2. Mark which information must exist before the workflow can continue.
3. Suggest which steps AI can help with.
4. Put "human approves" on every step where a customer message is sent, money is affected, or personal data is handled.
5. Suggest a simple log: what should be saved, when, and why?
6. Write a test plan with five test cases, including one case with missing information and one where the AI is uncertain.
7. Finish with a short build brief that I can give to a consultant or paste into an AI automation builder.
If the AI gives you a perfect diagram immediately, be skeptical. The first thing you want is not perfection. You want to see whether the workflow can be explained without people in the room having to guess.
A concrete example: quote requests
Say you run a small trade business. Customers email photos and short descriptions. Today you read everything, ask for the address, check your calendar, and write half a reply.
The paper version could look like this:
- A new email arrives in the quote inbox.
- AI suggests a category: urgent, quote, warranty, other.
- AI checks whether address, photos, preferred date, and contact details are present.
- If something is missing, it creates a follow-up draft.
- If everything is present, it creates a row in the quote list.
- The responsible person gets a notification with a summary and link to the original email.
- No quote is sent automatically. A human chooses the next step.
It is a small workflow. That is why it works. You can build it, test it on ten old emails, and see whether it saves time before adding more steps.
Why AI projects stall even when the tools exist
Make also published data from its AI Playbook.

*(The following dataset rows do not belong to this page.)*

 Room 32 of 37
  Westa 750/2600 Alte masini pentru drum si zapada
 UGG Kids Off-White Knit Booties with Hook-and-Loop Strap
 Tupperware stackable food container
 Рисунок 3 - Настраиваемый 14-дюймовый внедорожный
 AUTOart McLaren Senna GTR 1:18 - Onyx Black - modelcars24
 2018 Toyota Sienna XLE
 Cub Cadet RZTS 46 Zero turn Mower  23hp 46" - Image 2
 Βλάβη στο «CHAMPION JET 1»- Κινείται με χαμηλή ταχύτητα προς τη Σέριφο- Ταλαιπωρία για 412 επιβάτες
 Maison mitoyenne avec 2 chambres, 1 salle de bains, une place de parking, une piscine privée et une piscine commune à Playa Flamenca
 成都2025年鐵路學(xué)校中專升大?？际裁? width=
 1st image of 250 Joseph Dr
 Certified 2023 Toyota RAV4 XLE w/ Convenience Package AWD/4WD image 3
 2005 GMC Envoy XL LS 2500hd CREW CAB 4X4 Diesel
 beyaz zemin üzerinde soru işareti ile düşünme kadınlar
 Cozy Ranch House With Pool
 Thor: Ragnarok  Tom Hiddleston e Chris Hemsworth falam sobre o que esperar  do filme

The useful, slightly uncomfortable point: AI projects often do not stall because of technology. They stall because of ownership, priority, business value, and skills.
For Hammer Automation's typical customers, this is even clearer. In a team of two to ten people, there is rarely an AI department. The person who owns the workflow may be the same person who answers customers, books meetings, and locks the door at the end of the day.
That is why the first step has to fit into a normal week. One workflow. One owner. One metric. One Friday review.
Source: The real reason your AI projects stall: what hundreds of companies taught us about fixing it | Make
The one-week test: 60 minutes, not six months
Do this before buying more tools or building a larger system.
Monday: Choose one manual workflow that repeats at least five times per week. Write it on paper.
Tuesday: Run the paper prompt above. Ask AI to suggest seven steps, approval points, and test cases.
Wednesday: Build only the first two steps in your automation tool, or ask someone to build a draft. Do not connect automatic customer communication yet.
Thursday: Test with old examples. Save what AI got right, what it missed, and where a person had to step in.
Friday: Decide whether the workflow should continue, change, or pause. If nobody can explain the value in two minutes, it is not ready.
This fits especially well in Tool Forge, where Hammer helps teams move from a loose idea to a working workflow. If the team first needs shared language, exercises, and decisions about what AI is allowed to do, Skill Forge is a better starting point. The tool is rarely the first problem. The fog is.
What to measure
Do not measure "we use AI". It says almost nothing.
Measure this instead:
- How many minutes did the workflow save per case?
- How many cases needed more information?
- How often did AI suggest the right category?
- How many drafts had to be rewritten completely?
- Was the approval point clear to the person who owns the job?
- Could you trace what happened afterwards?
If the answers are boringly concrete, you are on the right path. This is how small teams get value from AI automation: not by chasing the most advanced agent, but by making one recurring job clear enough to build, test, and trust.